Page MenuHomePhabricator

Consider alternative processes for Unbreak Now bugs, especially those which cross-cut components
Closed, ResolvedPublic

Assigned To
Authored By
Mattflaschen-WMF
Jul 13 2016, 3:15 AM
Referenced Files
None
Tokens
"Mountain of Wealth" token, awarded by RandomDSdevel."Like" token, awarded by Krinkle."Love" token, awarded by Liuxinyu970226."Like" token, awarded by mmodell."The World Burns" token, awarded by zeljkofilipin."Like" token, awarded by Luke081515.

Description

Do we need a better process to prevent long-running unbreak now bugs, especially those that recur, where the cause is not obvious, and where it cross-cuts multiple components?

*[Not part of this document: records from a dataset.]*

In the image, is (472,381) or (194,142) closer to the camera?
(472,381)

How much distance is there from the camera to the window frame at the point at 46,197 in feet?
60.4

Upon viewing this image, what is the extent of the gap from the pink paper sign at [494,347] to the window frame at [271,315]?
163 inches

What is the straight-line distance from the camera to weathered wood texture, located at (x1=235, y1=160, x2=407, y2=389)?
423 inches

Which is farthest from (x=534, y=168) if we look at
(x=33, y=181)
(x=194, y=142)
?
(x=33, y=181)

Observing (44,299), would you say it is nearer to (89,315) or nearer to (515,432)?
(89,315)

Live list of Unbreak Now! (UBN) tasks

Related Objects

Event Timeline

I think a key question to answer here is how we want to treat the "unbreak now!" status in Phabricator Maniphest. Depending on the answer to that question, we may need better reporting and monitoring of tasks in this specific state. Maybe it's okay that tasks sit in the "unbreak now!" status for weeks or months in this Phabricator installation, but currently I don't think there's a clear guideline or consensus about whether this should be the case.

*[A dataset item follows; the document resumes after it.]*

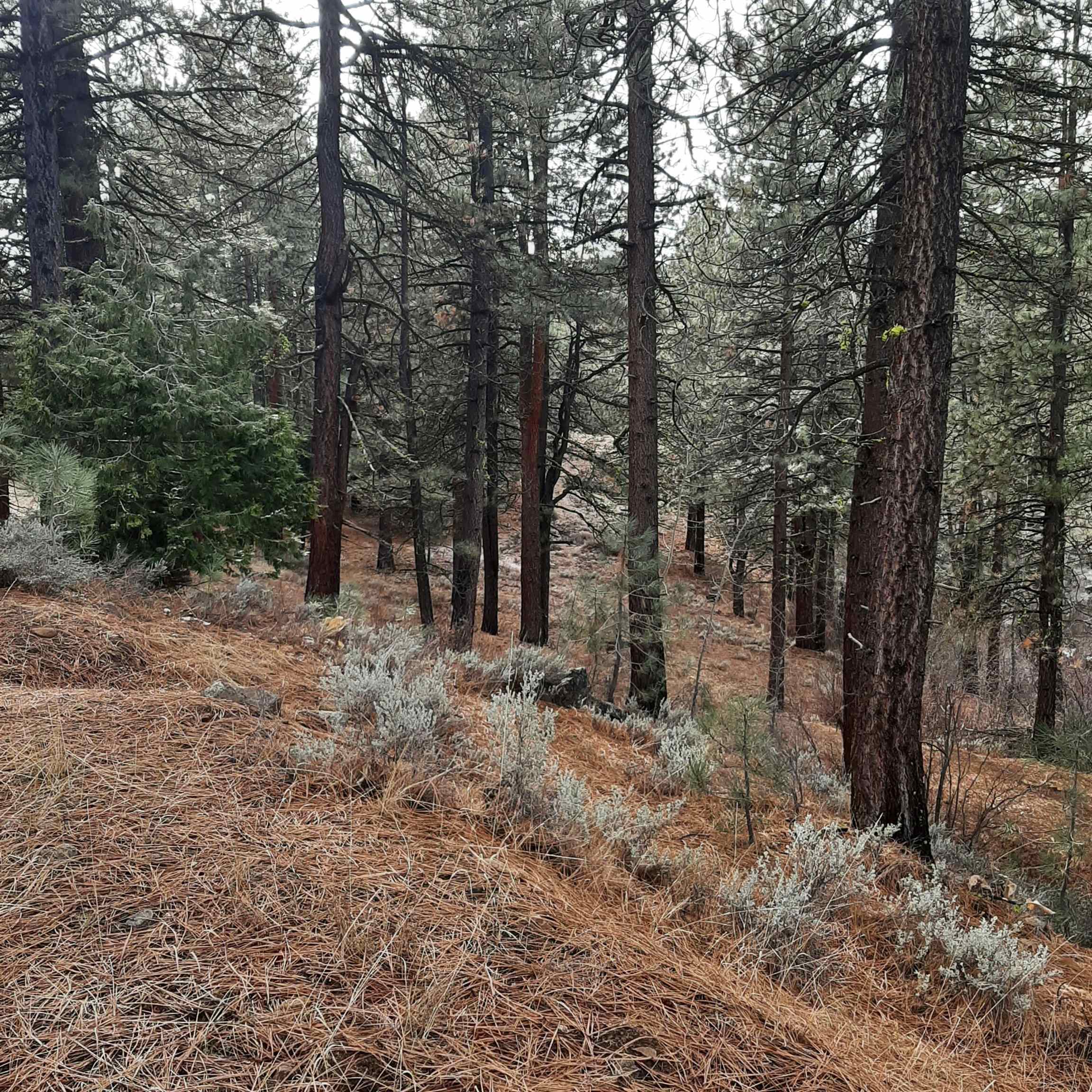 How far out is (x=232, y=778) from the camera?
2867 mm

In my opinion, Unbreak now! should be reserved for serious emergencies. To make this explicit, I think we should have notifications set up to ping relevant IRC channels periodically when these bugs remain unfixed. Notifications could get very distracting if the frequency is too high but something like every hour or two would help to keep unbreak now tasks from being forgotten.

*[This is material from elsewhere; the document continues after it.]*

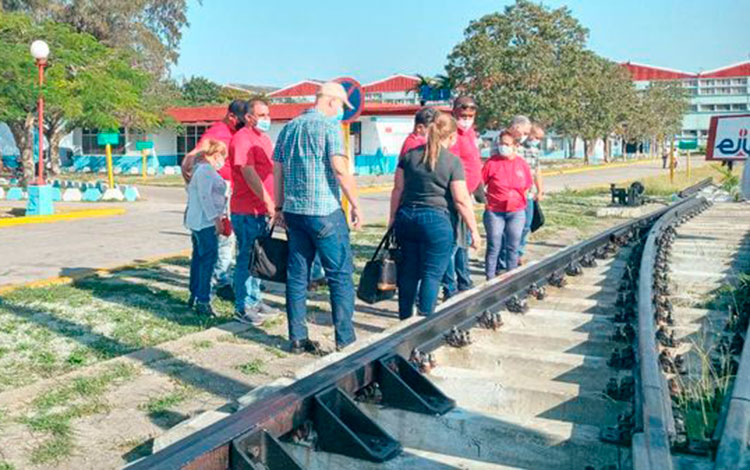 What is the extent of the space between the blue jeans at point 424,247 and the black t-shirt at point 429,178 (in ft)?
0.21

At a previous job we had Phabricator customized so that the page header turned red whenever there was an UBN task open. This helped to encourage a sort of all hands on deck attitude about these issues and kept everyone in the loop about current serious issues. It wouldn't be difficult to implement something like this in Phabricator, the main challenge is resolving existing UBN! tasks and keeping that status reserved for really serious problems.

https://www.mediawiki.org/wiki/Phabricator/Project_management#Setting_task_priorities currently states

Unbreak Now! - Something is broken and needs to be fixed immediately, setting anything else aside.

Unclear maintainership responsibilities probably come into play here.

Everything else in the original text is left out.